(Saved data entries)

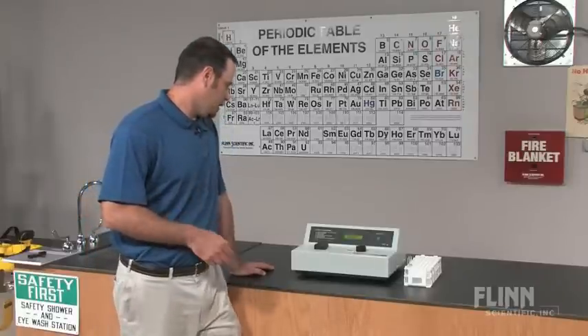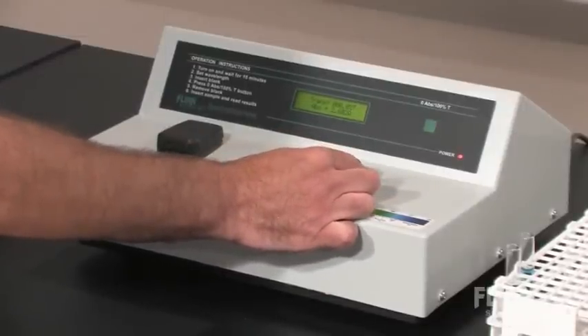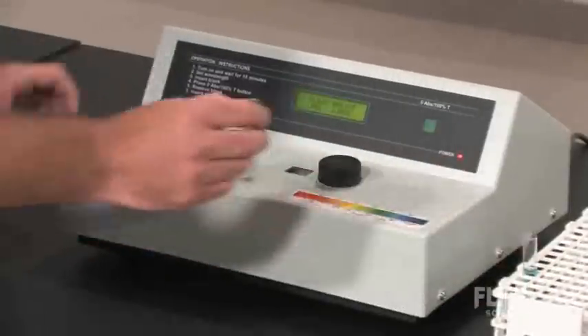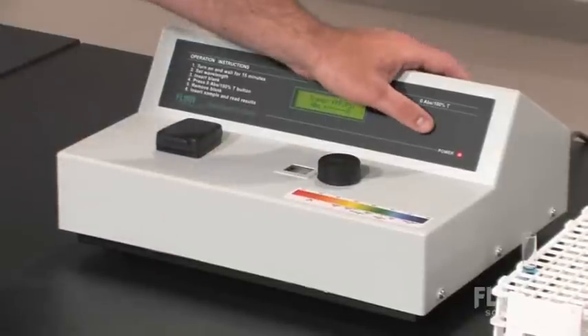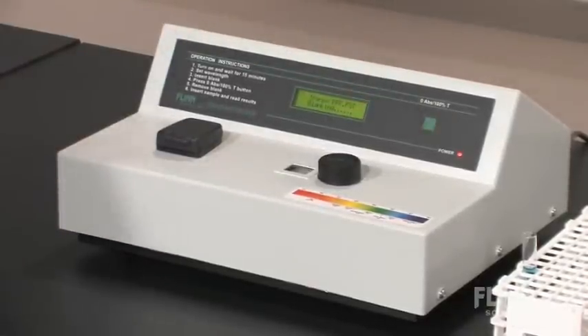After you've done that, you want to set your wavelength with this knob right here. Then you want to insert a water blank, close that, and then hit the zero absorbance, 100% transmittance button, and it will automatically blank the unit for you.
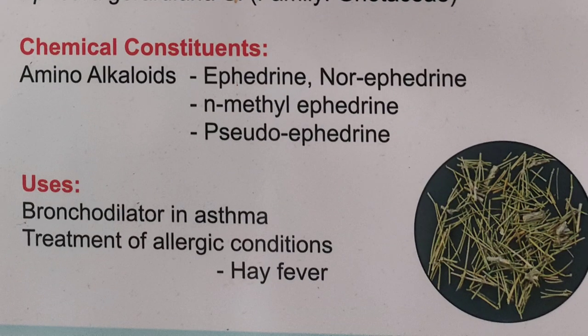These are some of the images of the ephedra stem. Thank you for watching.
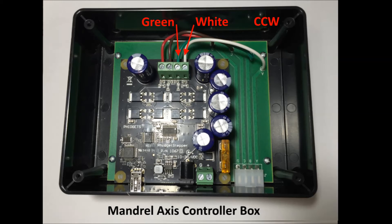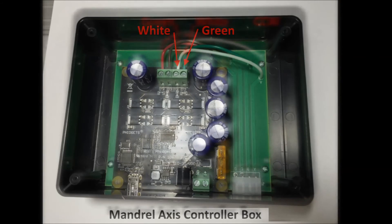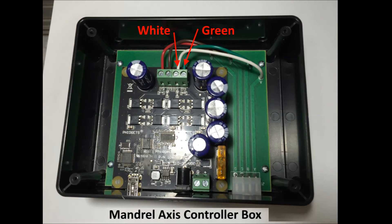To change the mandrel rotation to clockwise, simply swap the green and white wires as shown on the screw down terminal block. This will cause the mandrel to rotate in the clockwise direction and still maintain coordination of all axes of motion.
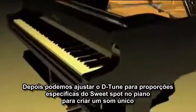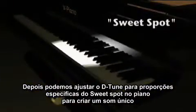Next, we can detune just a specific range or sweet spot on the piano to create a very unique sound.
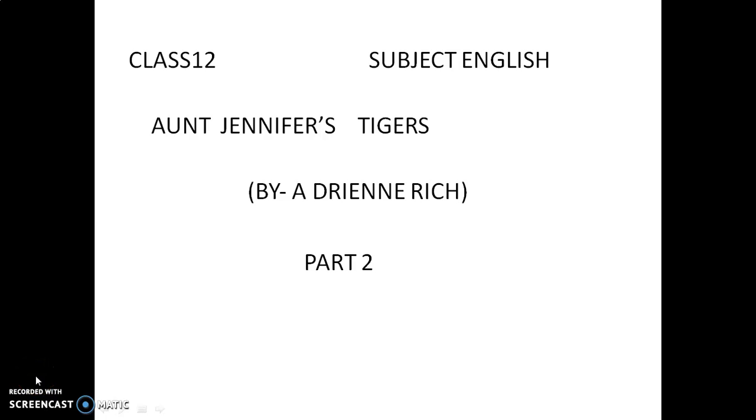Good morning students. Today we will read the poem 'Aunt Jennifer's Tigers,' written by Adrienne Rich.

Required action:
The full set of entries should be transcribed exactly, pictures left aside.

Task response:
After you've done that, you want to set your wavelength with this knob right here. Then you want to insert a water blank, close that, and then hit the zero absorbance, 100% transmittance button, and it will automatically blank the unit for you.
These are some of the images of the ephedra stem. Thank you for watching.
To change the mandrel rotation to clockwise, simply swap the green and white wires as shown on the screw down terminal block. This will cause the mandrel to rotate in the clockwise direction and still maintain coordination of all axes of motion.
Next, we can detune just a specific range or sweet spot on the piano to create a very unique sound.
Good morning students. Today we will read the poem 'Aunt Jennifer's Tigers,' written by Adrienne Rich.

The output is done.